But manifestation is real, certainly in as much as it's useful.
It's really easy to look down on all other belief frameworks when you're raised in a world dominated by only one, particularly one that demands you hold no other gods before it. Here in the west, for some, that's Christianity. For others, it's the scientific method. Christianity and the scientific method are both real in as much as they're useful, and they can legitimately be useful. But not always. It may be a little less obvious with science, but there are hard limits on scientific knowledge, particularly when you move past the realm of objectivity.
As I may or may not have written about before, I was really into self-help literature in high school. One thing that stands out to me today about all of those books is that they offer more or less what our elders have been telling us cross-culturally for the last five millennia, just in a secular and/or capitalist framework. This is especially obvious in the context of rituals. We used to do rituals so that the gods would reward us for our reverence. Now, we perform rituals to better serve our employers, or so that the markets will treat us favourably. I'll be the billionth person to draw parallels between free market economics and astrology, but I don't think there's anything wrong with astrology and I don't think the markets being compared to it should necessarily suggest they're any worse than they are intrinsically.
The thing is, astrology doesn't claim to be rooted in science. Economists, on the other hand, like to think of their discipline as a science, which it's not. Or at least, it's about as much of a science as sociology is. The fact that something isn't a science doesn't make it illegitimate; there are better ways of knowing better suited for different sets of knowledge. The problem here is that science, while limited, is very grounded in something, and to suggest that the markets fit well into scientific knowledge just lends them an undeserved "groundedness."
What the capitalist rituals--getting up at 5AM, keeping your email inbox empty, and so on--provide us with are patterns of behaviour we believe will serve us well. Maybe they do, maybe they don't. Maybe they do for you but not others. When you can divorce the ritual from its symbolic framework, then you have the power to think more critically about how you structure your life and to what effect. You enable yourself to pick and choose what works for you, and you can latch onto different symbols if you need.
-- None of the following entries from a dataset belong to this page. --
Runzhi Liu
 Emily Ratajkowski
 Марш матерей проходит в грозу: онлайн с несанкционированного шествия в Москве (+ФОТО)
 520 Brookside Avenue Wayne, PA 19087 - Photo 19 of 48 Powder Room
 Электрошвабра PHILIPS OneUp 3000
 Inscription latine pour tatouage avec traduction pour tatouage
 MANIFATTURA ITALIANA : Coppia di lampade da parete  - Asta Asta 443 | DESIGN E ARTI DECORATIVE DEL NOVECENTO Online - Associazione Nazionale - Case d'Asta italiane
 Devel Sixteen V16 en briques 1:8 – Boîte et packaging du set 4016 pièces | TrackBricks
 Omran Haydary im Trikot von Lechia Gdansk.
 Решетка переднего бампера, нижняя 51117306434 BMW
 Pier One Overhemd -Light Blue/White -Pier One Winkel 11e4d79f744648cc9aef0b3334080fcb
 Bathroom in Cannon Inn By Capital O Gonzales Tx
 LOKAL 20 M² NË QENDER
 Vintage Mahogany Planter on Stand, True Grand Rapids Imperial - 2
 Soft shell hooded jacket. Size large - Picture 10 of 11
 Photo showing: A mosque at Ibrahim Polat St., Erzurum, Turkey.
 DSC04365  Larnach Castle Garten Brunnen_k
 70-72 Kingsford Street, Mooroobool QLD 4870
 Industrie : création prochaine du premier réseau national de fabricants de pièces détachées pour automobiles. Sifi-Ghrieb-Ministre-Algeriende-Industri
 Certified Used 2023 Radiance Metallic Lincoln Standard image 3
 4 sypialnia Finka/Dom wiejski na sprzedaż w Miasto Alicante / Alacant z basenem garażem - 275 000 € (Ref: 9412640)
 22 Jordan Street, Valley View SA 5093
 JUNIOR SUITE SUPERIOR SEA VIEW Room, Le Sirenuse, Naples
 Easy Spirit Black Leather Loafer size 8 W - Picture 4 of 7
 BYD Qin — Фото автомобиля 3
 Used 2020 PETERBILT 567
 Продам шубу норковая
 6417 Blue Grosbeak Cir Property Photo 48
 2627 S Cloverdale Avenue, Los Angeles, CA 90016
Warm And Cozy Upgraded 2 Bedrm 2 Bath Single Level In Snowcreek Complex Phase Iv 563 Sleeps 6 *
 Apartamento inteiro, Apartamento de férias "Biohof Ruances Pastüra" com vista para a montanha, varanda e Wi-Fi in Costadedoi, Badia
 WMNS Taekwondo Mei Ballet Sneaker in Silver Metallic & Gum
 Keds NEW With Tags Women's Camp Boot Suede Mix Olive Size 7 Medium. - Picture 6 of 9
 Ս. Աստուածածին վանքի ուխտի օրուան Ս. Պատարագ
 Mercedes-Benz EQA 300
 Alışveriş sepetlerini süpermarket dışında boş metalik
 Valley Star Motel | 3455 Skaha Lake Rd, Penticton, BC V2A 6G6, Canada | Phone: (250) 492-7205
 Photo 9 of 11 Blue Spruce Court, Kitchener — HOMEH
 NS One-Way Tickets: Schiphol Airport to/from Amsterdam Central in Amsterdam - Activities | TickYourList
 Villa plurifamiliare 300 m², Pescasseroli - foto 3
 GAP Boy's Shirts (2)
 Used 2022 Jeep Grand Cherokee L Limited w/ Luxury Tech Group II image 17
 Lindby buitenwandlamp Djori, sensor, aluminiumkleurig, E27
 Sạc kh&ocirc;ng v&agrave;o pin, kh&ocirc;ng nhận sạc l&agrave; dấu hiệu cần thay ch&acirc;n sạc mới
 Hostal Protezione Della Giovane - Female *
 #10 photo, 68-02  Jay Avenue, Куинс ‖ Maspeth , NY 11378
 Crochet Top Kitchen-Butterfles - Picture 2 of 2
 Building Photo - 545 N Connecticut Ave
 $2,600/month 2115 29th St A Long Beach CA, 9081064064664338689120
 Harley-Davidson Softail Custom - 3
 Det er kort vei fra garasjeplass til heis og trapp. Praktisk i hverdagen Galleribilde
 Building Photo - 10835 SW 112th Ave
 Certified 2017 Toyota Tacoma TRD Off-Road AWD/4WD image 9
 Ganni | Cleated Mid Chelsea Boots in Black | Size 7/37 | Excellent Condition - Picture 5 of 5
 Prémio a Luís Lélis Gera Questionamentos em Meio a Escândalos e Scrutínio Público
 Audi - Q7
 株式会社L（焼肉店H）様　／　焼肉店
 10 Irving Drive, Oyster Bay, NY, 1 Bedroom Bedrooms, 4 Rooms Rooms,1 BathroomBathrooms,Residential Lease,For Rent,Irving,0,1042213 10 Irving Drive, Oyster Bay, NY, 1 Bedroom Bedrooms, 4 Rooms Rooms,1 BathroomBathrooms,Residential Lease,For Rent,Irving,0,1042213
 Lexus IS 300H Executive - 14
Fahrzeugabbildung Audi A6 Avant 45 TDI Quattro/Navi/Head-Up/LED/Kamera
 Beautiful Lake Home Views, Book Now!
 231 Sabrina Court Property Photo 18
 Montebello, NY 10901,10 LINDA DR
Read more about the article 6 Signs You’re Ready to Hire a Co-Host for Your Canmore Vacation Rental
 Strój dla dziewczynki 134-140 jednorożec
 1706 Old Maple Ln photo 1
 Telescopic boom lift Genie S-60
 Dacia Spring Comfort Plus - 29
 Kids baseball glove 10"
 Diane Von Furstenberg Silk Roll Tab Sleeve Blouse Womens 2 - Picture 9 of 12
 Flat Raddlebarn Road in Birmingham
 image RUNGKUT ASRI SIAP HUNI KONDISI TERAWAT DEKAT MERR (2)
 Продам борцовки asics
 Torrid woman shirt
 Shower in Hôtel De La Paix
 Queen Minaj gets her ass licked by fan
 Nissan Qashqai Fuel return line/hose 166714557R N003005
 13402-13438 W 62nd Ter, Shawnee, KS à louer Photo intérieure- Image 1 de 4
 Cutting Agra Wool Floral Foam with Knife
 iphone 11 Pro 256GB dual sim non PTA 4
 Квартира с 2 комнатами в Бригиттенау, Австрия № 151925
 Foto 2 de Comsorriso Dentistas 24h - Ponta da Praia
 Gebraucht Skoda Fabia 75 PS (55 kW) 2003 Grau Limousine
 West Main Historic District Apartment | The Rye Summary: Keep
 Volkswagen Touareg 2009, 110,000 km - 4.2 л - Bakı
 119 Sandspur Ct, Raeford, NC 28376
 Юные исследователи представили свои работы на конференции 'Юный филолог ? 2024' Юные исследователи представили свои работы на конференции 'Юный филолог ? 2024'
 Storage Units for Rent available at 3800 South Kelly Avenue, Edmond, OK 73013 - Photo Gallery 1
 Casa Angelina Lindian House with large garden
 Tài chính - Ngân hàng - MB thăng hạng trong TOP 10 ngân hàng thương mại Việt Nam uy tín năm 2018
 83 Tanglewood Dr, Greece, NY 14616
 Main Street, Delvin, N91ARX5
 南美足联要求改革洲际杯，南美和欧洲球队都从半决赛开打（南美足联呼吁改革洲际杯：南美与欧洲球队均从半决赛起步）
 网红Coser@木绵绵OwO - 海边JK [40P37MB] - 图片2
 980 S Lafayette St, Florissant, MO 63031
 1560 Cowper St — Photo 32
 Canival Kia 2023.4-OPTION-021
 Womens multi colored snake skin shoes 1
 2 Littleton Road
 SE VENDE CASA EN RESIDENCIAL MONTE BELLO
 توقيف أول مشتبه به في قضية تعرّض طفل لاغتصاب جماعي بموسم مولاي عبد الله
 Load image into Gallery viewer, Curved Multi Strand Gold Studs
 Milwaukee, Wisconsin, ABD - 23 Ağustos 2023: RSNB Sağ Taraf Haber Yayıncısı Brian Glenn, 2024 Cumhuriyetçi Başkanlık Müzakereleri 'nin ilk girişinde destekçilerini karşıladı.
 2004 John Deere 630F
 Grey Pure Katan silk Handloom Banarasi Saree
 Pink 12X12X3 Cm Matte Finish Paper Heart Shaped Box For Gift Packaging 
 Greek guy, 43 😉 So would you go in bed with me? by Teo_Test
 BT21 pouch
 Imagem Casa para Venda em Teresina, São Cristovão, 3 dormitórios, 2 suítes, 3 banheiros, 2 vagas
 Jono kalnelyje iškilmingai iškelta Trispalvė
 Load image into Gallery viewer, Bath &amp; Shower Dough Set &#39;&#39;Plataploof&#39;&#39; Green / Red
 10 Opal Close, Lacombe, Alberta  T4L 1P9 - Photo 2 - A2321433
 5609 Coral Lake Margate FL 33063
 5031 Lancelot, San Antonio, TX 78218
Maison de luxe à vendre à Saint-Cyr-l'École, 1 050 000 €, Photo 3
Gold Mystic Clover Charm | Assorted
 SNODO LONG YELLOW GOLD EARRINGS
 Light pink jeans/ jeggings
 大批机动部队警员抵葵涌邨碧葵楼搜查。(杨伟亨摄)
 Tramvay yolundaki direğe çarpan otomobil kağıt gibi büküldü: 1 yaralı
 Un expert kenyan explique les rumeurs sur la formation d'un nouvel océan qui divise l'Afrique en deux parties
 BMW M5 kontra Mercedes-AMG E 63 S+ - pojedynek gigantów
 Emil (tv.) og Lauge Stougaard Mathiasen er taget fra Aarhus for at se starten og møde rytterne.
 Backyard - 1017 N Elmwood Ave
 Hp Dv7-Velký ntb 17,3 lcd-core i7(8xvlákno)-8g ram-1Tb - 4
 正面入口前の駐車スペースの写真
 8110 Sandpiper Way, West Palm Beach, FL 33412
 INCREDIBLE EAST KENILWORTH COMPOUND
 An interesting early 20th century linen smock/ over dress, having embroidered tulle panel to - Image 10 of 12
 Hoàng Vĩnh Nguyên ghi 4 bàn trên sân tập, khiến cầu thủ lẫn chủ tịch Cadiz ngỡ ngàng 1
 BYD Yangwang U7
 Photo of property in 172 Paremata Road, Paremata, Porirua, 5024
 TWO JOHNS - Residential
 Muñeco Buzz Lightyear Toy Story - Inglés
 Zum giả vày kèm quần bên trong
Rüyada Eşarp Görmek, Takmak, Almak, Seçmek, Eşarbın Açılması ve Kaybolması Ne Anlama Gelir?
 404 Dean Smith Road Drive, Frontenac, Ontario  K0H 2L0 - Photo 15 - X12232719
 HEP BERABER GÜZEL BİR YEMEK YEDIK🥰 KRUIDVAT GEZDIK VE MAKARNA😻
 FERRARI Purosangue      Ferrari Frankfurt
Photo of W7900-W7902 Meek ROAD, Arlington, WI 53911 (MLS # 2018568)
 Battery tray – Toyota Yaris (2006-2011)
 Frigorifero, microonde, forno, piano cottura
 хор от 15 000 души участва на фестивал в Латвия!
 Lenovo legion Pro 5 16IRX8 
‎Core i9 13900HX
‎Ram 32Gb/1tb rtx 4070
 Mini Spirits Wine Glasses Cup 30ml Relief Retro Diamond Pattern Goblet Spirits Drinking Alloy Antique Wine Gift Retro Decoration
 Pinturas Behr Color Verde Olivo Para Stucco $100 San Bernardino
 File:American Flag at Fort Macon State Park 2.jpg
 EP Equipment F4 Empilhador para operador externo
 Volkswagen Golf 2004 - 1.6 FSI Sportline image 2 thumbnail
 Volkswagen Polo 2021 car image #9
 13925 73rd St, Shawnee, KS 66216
I've found a system of rituals that works for me most of the time. I don't like self help books anymore, mainly because they're too fixated on abstract ideas of what it means to be successful, but the rituals they ripped off and culturally appropriated are still useful to me, and they find their ways into my life in unexpected ways. Though, the things I do have diverged quite a bit from Steven Covey's ideal. You figure out what works for you over time.
I do kind of miss having symbology to go with it, though. I'm still working on figuring out what that should look like for me.
Is manifestation real? Some people certainly claim to be able to pull it off. Unless they're trying to scam you out of your money, they have no reason to lie, and you have no reason to believe it doesn't work for them, in some capacity. I think it's best to take things at face value when people tell you what they believe. If they believe it, they probably have a good reason.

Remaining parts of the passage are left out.